Surge Routing: Event-informed Multiagent Reinforcement Learning for Autonomous Rideshare

Large events such as conferences, concerts and sports games, often cause surges in demand for ride services that are not captured in average demand patterns, posing unique challenges for routing algorithms. We propose a learning framework for an autonomous fleet of taxis that scrapes event data from the internet to predict and adapt to surges in demand and generates cooperative routing and pickup policies that service a higher number of requests than other routing protocols. We achieve this through a combination of (i) an event processing framework that scrapes the internet for event information and generates dense vector representations that can be used as input features for a neural network that predicts demand; (ii) a two neural network system that predicts hourly demand over the entire map, using these dense vector representations; (iii) a probabilistic approach that leverages locale occupancy schedules to map publicly available demand data over sectors to discretized street intersections; and finally, (iv) a scalable model-based reinforcement learning framework that uses the predicted demand over intersections to anticipate surges and route taxis using one-agent-at-a-time rollout with limited sampling certainty equivalence. We learn routing and pickup policies using real NYC ride share data for 2022 and information for more than 2000 events across 300 unique venues in Manhattan. We test our approach with a fleet of 100 taxis on a map with 38 different sectors (2235 street intersections). Our experimental results demonstrate that our method obtains routing policies that service $6$ more requests on average per minute (around $360$ more requests per hour) than other model-based RL frameworks and other classical algorithms in operations research when dealing with surge demand conditions.

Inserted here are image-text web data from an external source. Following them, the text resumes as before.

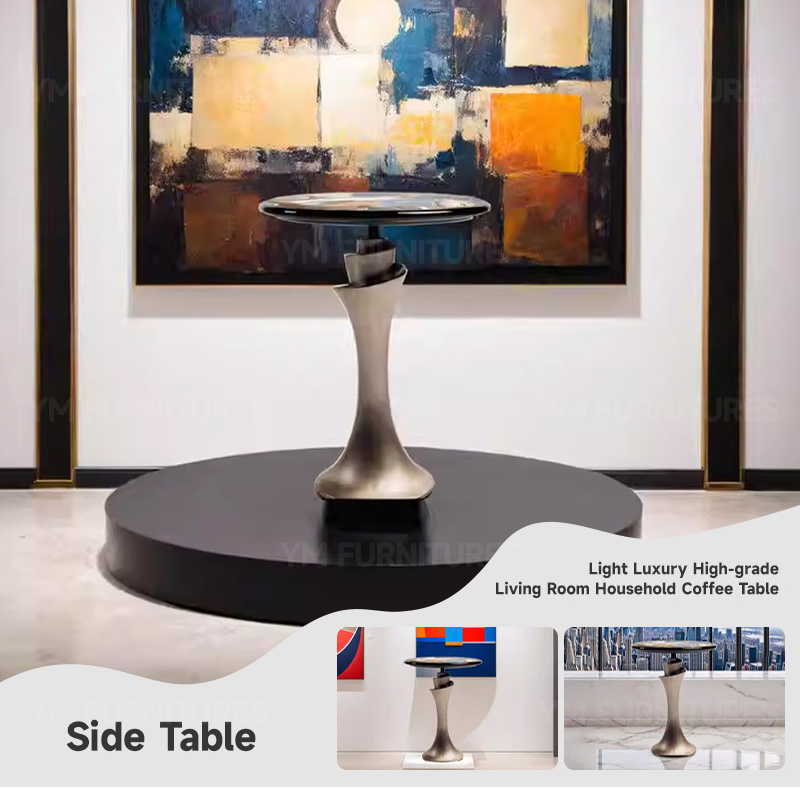 Hotel Lobby Durable Construction Round Steel Marble Accent Black End Side Table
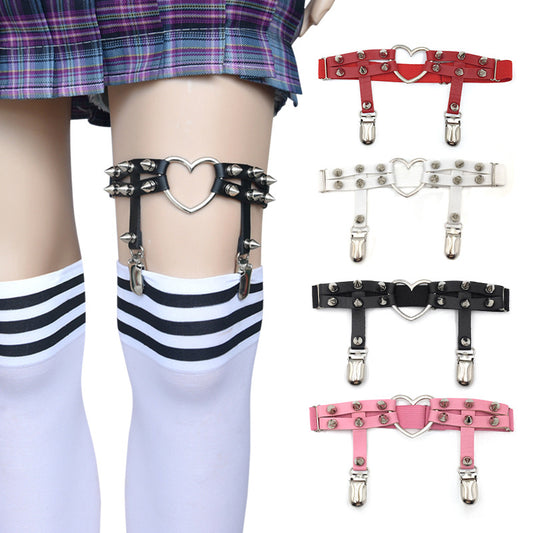 Riveted punk hip-hop leg ring
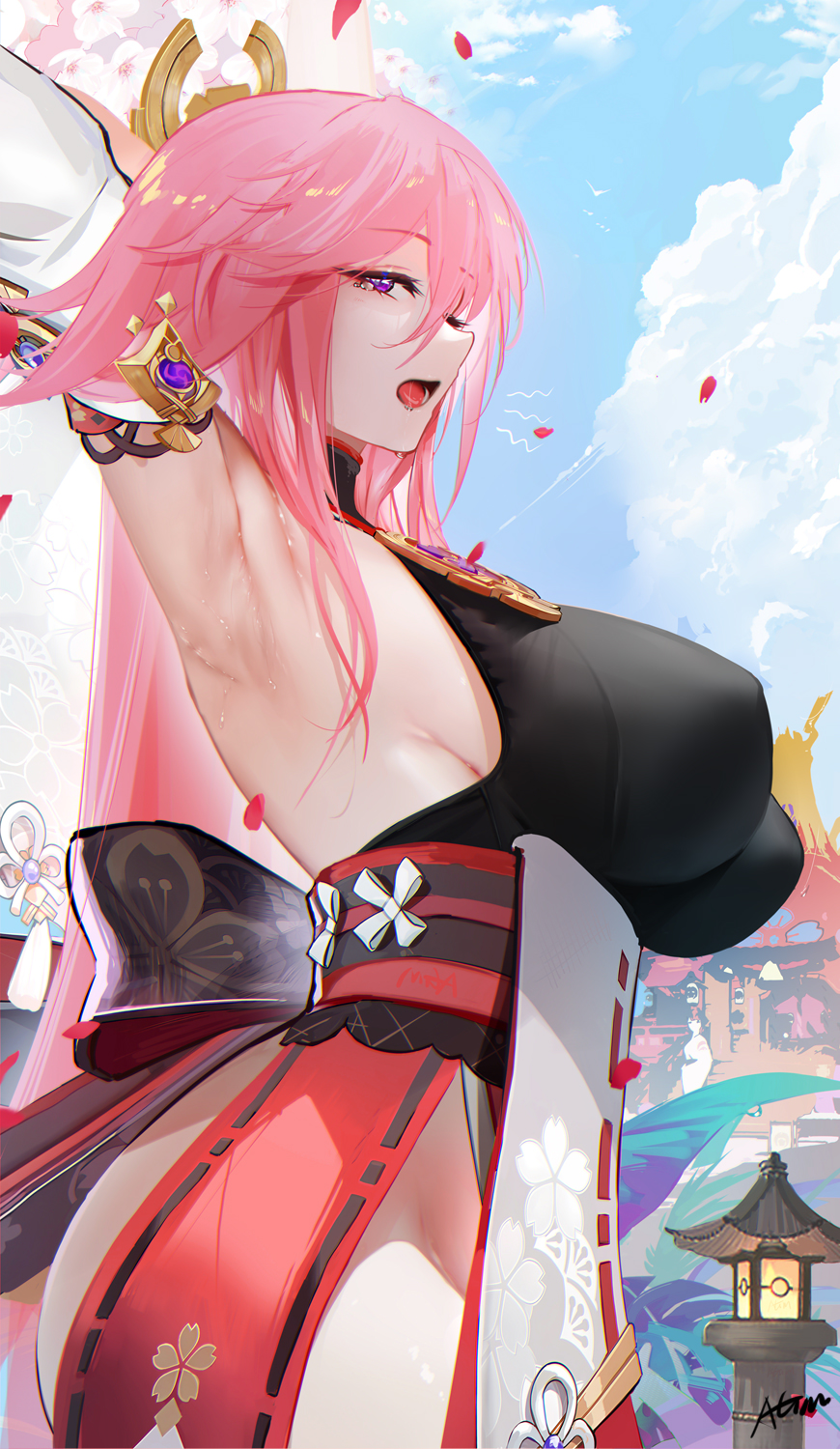 1girl animal_ears armpits arms_behind_head arms_up bangs bare_shoulders breasts detached_sleeves fox_ears genshin_impact hair_ornament highres japanese_clothes jewelry kimono large_breasts long_hair looking_at_viewer necklace obi omone_hokoma_agm open_mouth pendant pink_hair purple_eyes red_skirt sash sideboob sidelocks skirt sleeveless sleeveless_kimono solo thighs very_long_hair white_kimono wide_sleeves yae_(genshin_impact)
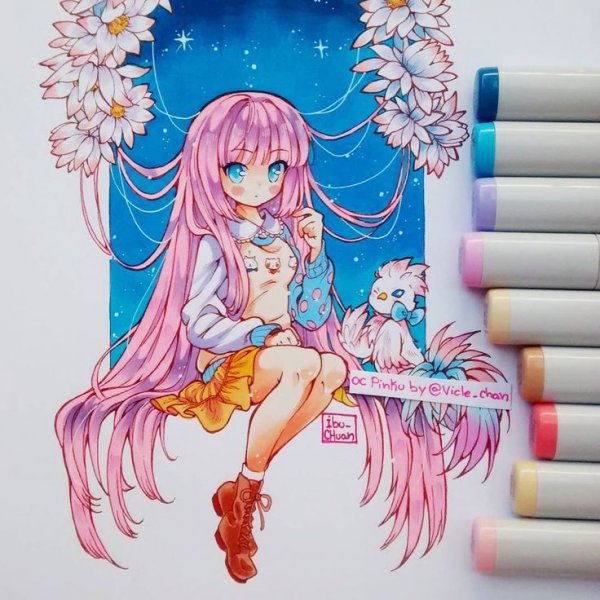 Аниме фломастерами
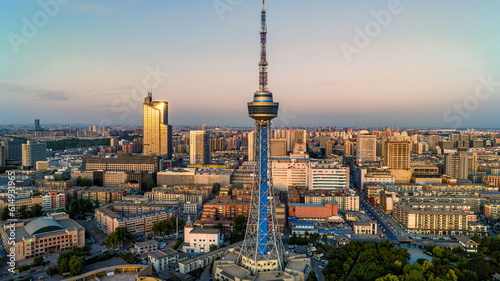 Morning view of Jilin Radio and TV Tower in Changchun, China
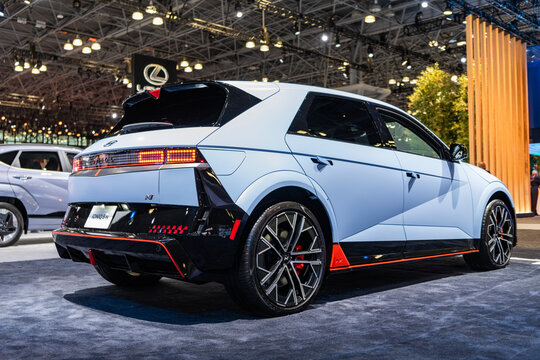 New York City, USA - March 27, 2024: Hyundai IONIQ 5 N electric vehicle at New York International Auto Show, rare view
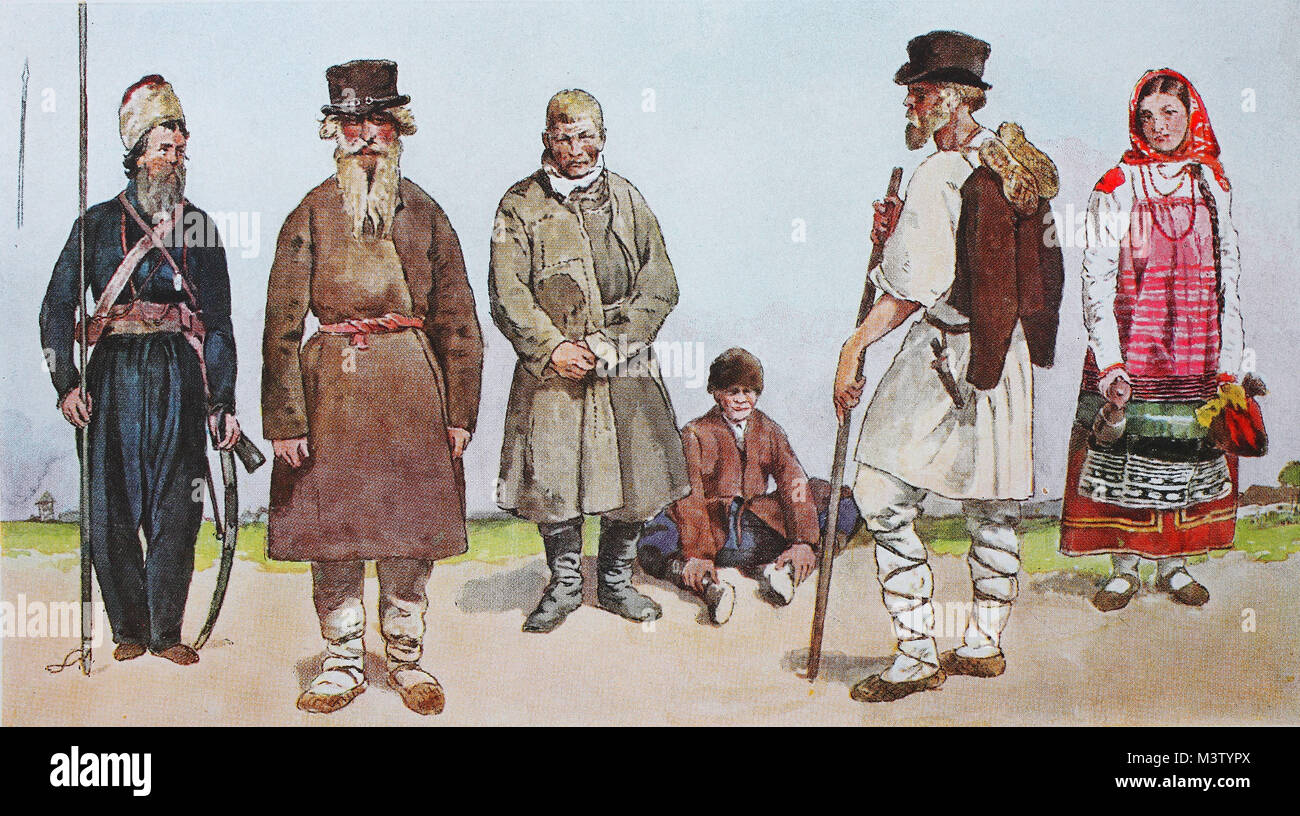 Moda, abbigliamento, usi e costumi in Russia europea, da sinistra, un  Donkosak nel 1813, poi un postiglione rurale e due piccoli russo tipi  contadina, quindi una maggiore imprenditore russo e un po'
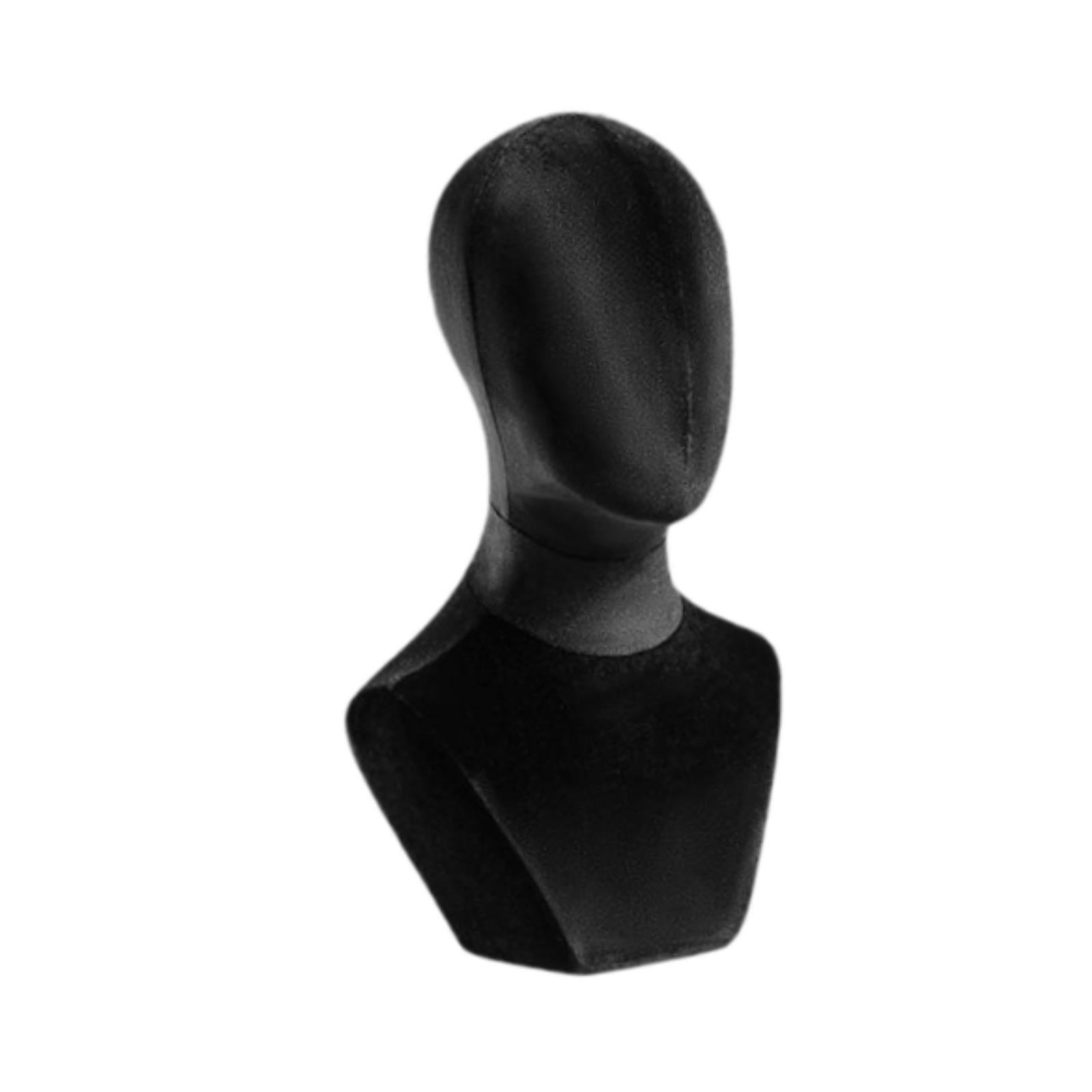 Serenable Bust Mannequin Head Versatile Holder for Headdress Commercial Use Hats Black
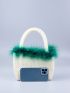Allover Faux Pearl Decor Bucket Bag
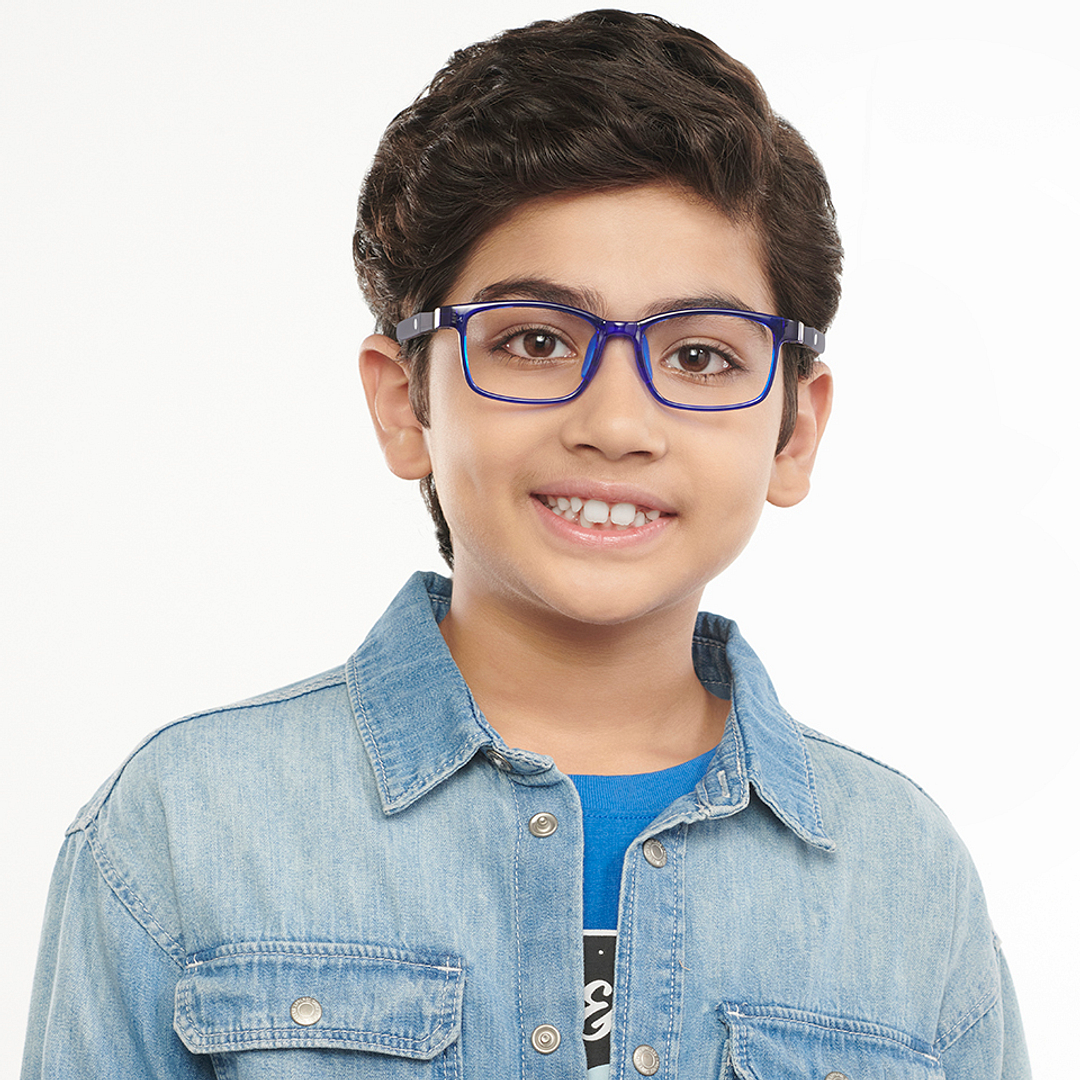 Hooper Screen Glasses Kids Glasses: Blue Green Transparent Full Rim Rectangle Kids 8-12 yrs Computer Glasses Digi Hooper HP D10101M-C2 right side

翻译：大型活动（如会议、演唱会及体育赛事）常引发网约车服务需求的激增，此类激增模式无法通过平均需求模式捕捉，给路径规划算法带来独特挑战。我们提出一种面向自动驾驶出租车车队的智能学习框架，该框架通过从互联网抓取活动数据，预测并适应需求激增，生成协同路径规划与接单策略，相较于其他路径规划协议能处理更多服务请求。该框架通过以下四部分实现：（i）事件处理框架，从互联网抓取活动信息并生成稠密向量表征，作为神经网络预测需求的输入特征；（ii）双神经网络系统，利用稠密向量表征预测全图逐时需求；（iii）基于概率的方法，利用区域占用调度方案将公开的行业需求数据映射至离散街道交叉口；以及（iv）可扩展的基于模型强化学习框架，利用交叉口需求预测预判激增，采用单智能体逐步展开结合有限采样确定性等价策略进行出租车路径规划。我们使用2022年真实纽约网约车数据及曼哈顿300个独特场馆举办的2000余场活动信息训练路径规划与接单策略。在包含38个不同区域（2235个街道交叉口）的地图上以100辆出租车车队进行测试，实验结果表明：在应对激增需求条件时，本方法获得的路径规划策略相较其他基于模型的强化学习框架及运筹学经典算法，平均每分钟多处理6个服务请求（每小时约多处理360个请求）。